Brief » Transcribe all records below exactly, without images.

[Image-caption web data]

□ □ □

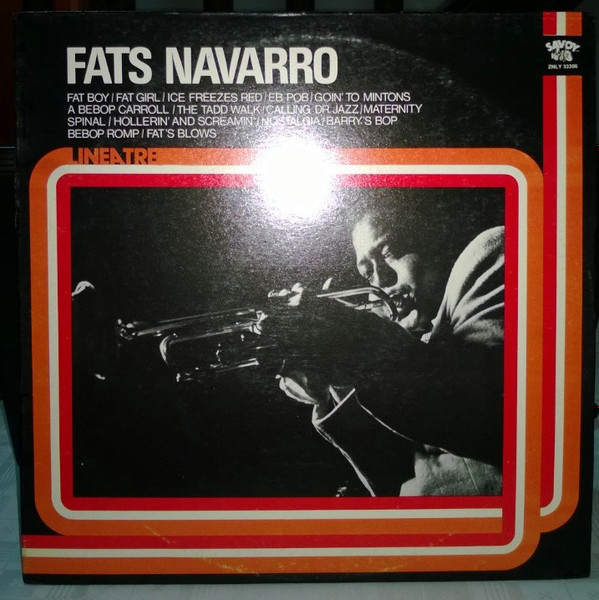 Fats Navarro - Fats Navarro | Savoy Records (ZNLY 33306) - 2 Fats Navarro - Fats Navarro | Savoy Records (ZNLY 33306) - 2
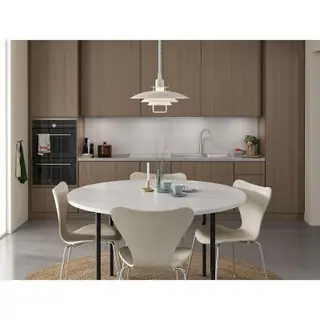 Produktfoto för Belid - Primus II Taklampa Ø43 Sand/Brass Belid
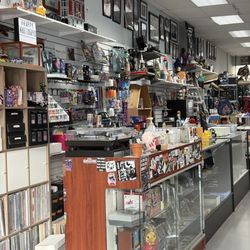 The Mystery Shop - Front counter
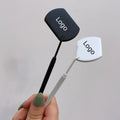 Lash Checking Mirror Eyelash Mirror Custom logo Eyelash Accessories Tools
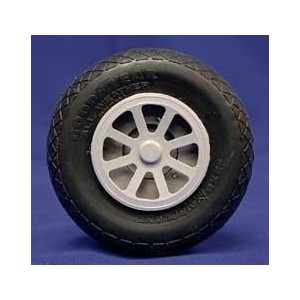 Robart Hjul skala ´Rut´´mönster 83mm´ - 2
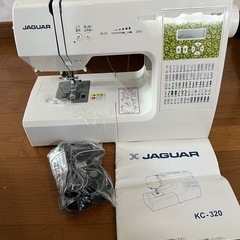 JAGUAR ミシン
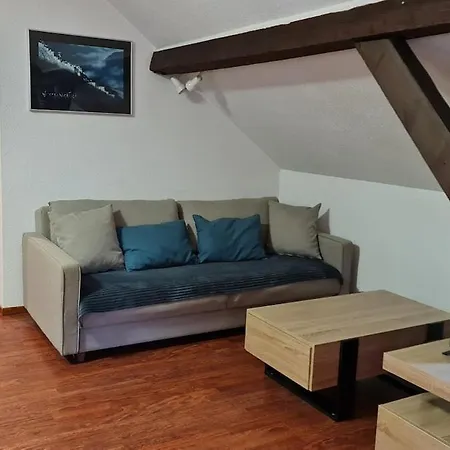 Au Centre De Apartamento *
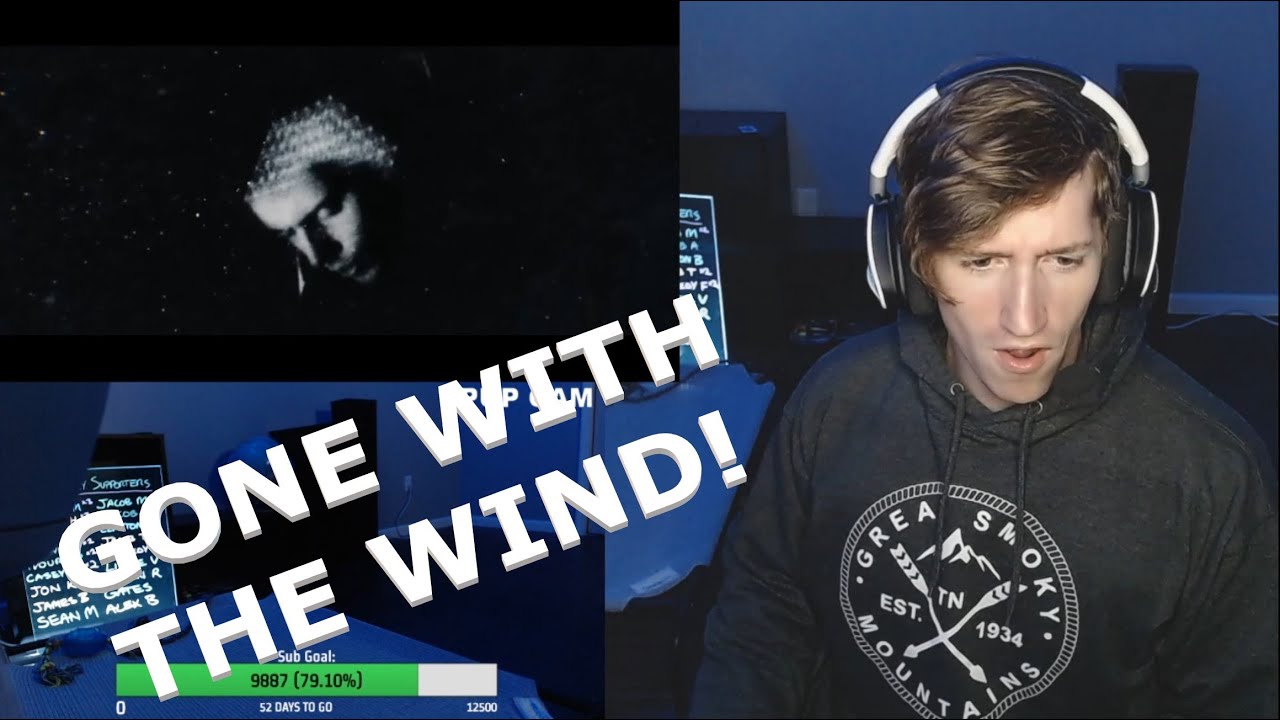 Chris REACTS to Architects - Gone With The Wind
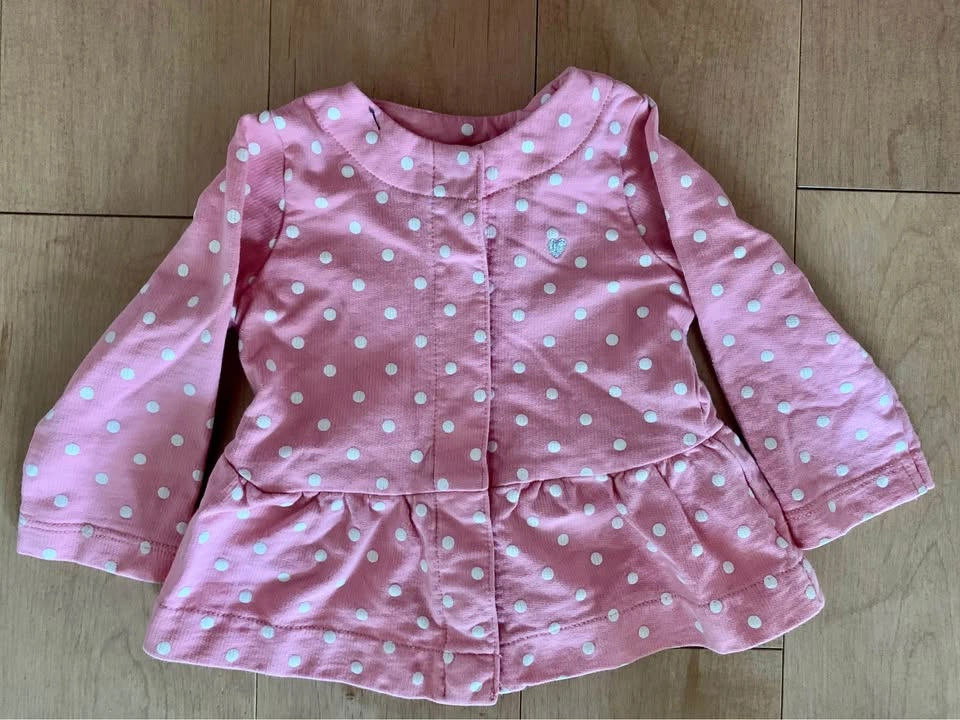 Baby jackets - 9m and 12-18m - photo 4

□ □ □

Final answer »
 Fats Navarro - Fats Navarro | Savoy Records (ZNLY 33306) - 2 Fats Navarro - Fats Navarro | Savoy Records (ZNLY 33306) - 2
 Produktfoto för Belid - Primus II Taklampa Ø43 Sand/Brass Belid
 The Mystery Shop - Front counter
 Lash Checking Mirror Eyelash Mirror Custom logo Eyelash Accessories Tools
 Robart Hjul skala ´Rut´´mönster 83mm´ - 2
 JAGUAR ミシン
 Au Centre De Apartamento *
 Chris REACTS to Architects - Gone With The Wind
 Baby jackets - 9m and 12-18m - photo 4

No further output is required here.